ECOGARD XC36080 Premium Cabin Filter
The ECOGARD filter meets or exceeds the same standards as the original Honda cabin air filter, it’s not quite O/E.
ECOGARD say that it filters 99.5% of all airborne contaminants, which is higher than other filters listed here (usually around 98 – 99% effective). They also add that it helps to prevent premature wear on the HVAC system, thanks to improved air flow and efficiency; that’s sort of true, but the same could be said for the other filters listed here also.
Designed for everything from pet dander through to allergens and air pollutants.
ACDelco CF188 GM O/E Cabin Filter
Again, another O/E recommended filter, this time for GM vehicles – it’s manufactured to the same exacting standards as all the original equipment supplied by ACDelco.
The CF188 uses a long ‘media’ that’s attached to the non-woven material to help filter more particles without decreasing air flow, and it has a triple layer compound, which is designed to filter contaminants in differing sizes, obviously down to microscopic airborne pollutants.
All in, the ACDelco product is well manufactured and does a great job of cleaning the air that we breath, without adding strain in to the system.

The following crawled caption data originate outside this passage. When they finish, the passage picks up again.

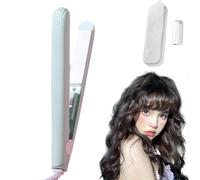 Regulatem Ceramic Mini Hair Curler, Regulatem Curling Iron, Mini Dual-Purpose Curling Iron, Mini Hair Curlers for Short Hair, 2 in 1 Mini Ceramic Curler, Hair Straightener (Green)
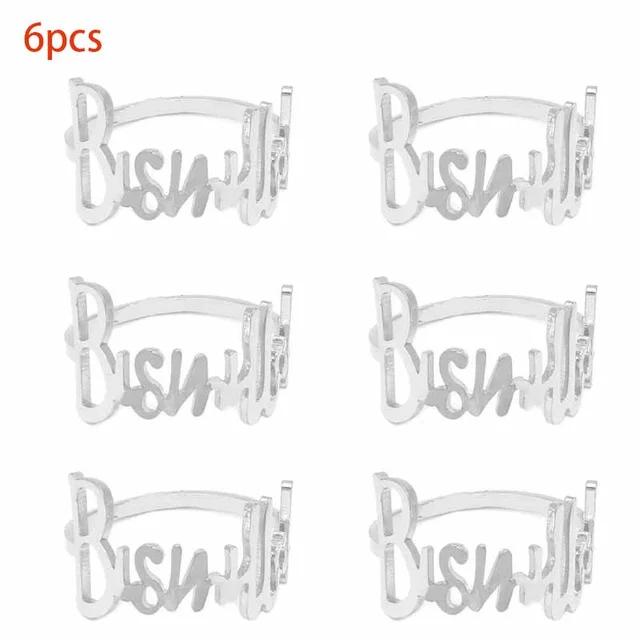 6Pcs New Ramadan Napkin Rings Metal Gold Bismillah Eid Mubarak Table Napkin Holders Ramadan Decoration Eid Party Supplies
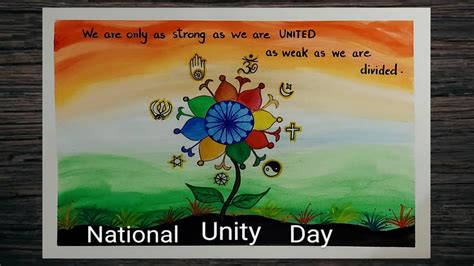 National Unity Day Poster Drawing Easy L How To Make Unity Poster For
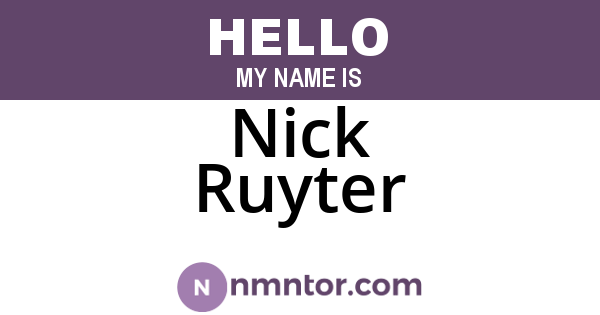 Nick Ruyter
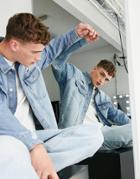 Topman Oversized Denim Jacket With Rips In Light Wash Blue-blues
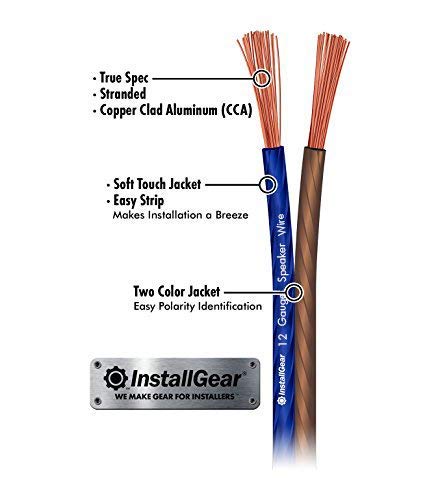 Installgear 12 Gauge Speaker Wire Awg (100Ft - Blue/Black) | Speaker Cable For Car Speakers Stereos, Home Theater Speakers, Surround Sound, Radio, Automotive Wire, Outdoor | Speaker Wire 12 Gauge #TOP1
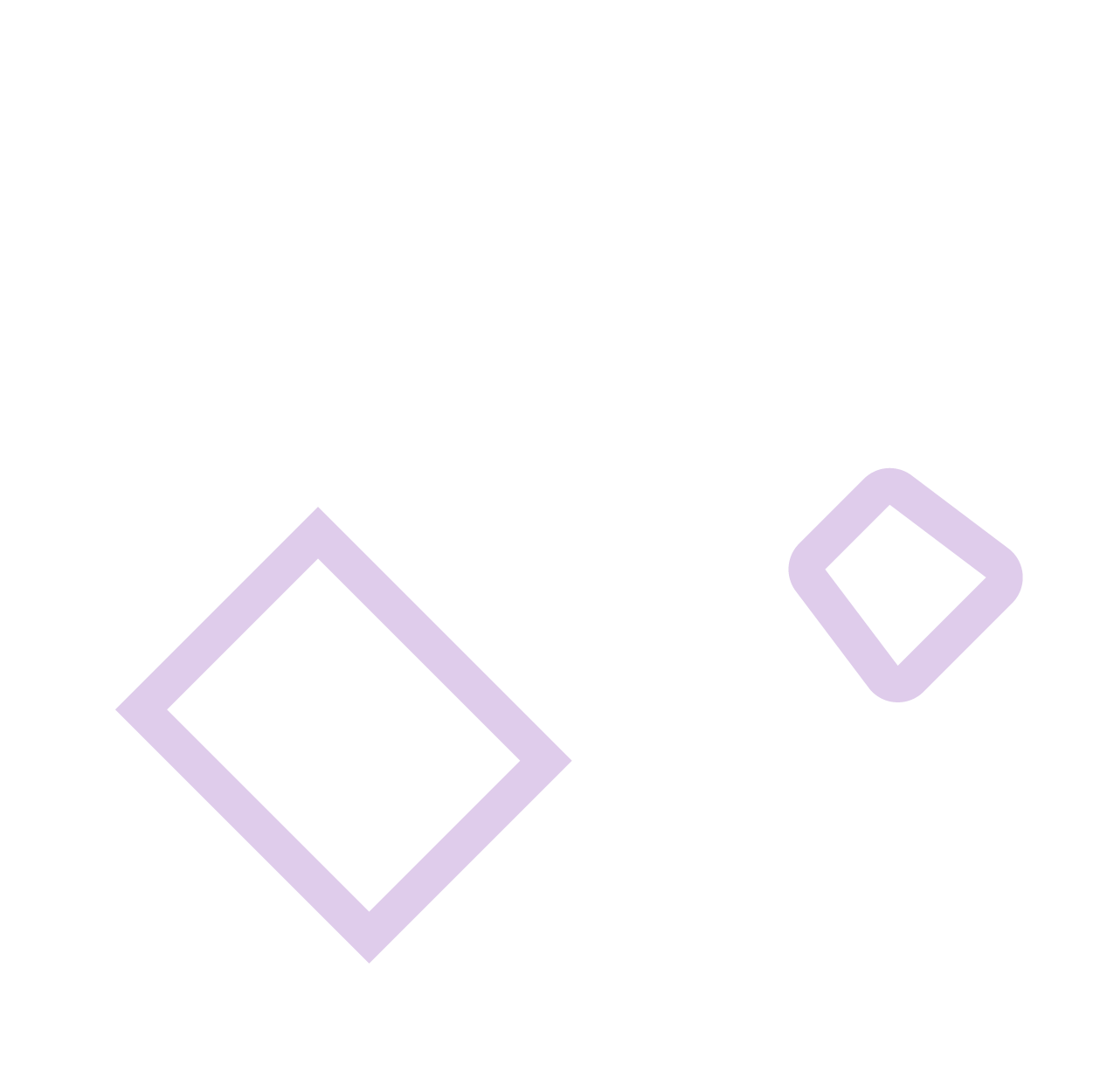 Line drawing of a hand holding a smartphone with a square on the screen, and a small square nearby.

It’s worth remembering that even putting aside any extra strains that a clogged cabin filter can put on the HVAC system, it’s literally cleaning the air that you breathe in the car, so you should definitely change the filter more often than ‘once in a while’.
It’s not worth getting a shop to change the filter … even if you’re the type of person that wouldn’t know one end of a wrench from another, you will know someone that could swap it out for you, it’s one of the easiest jobs when owning a car – it just sounds complicated because it’s hidden.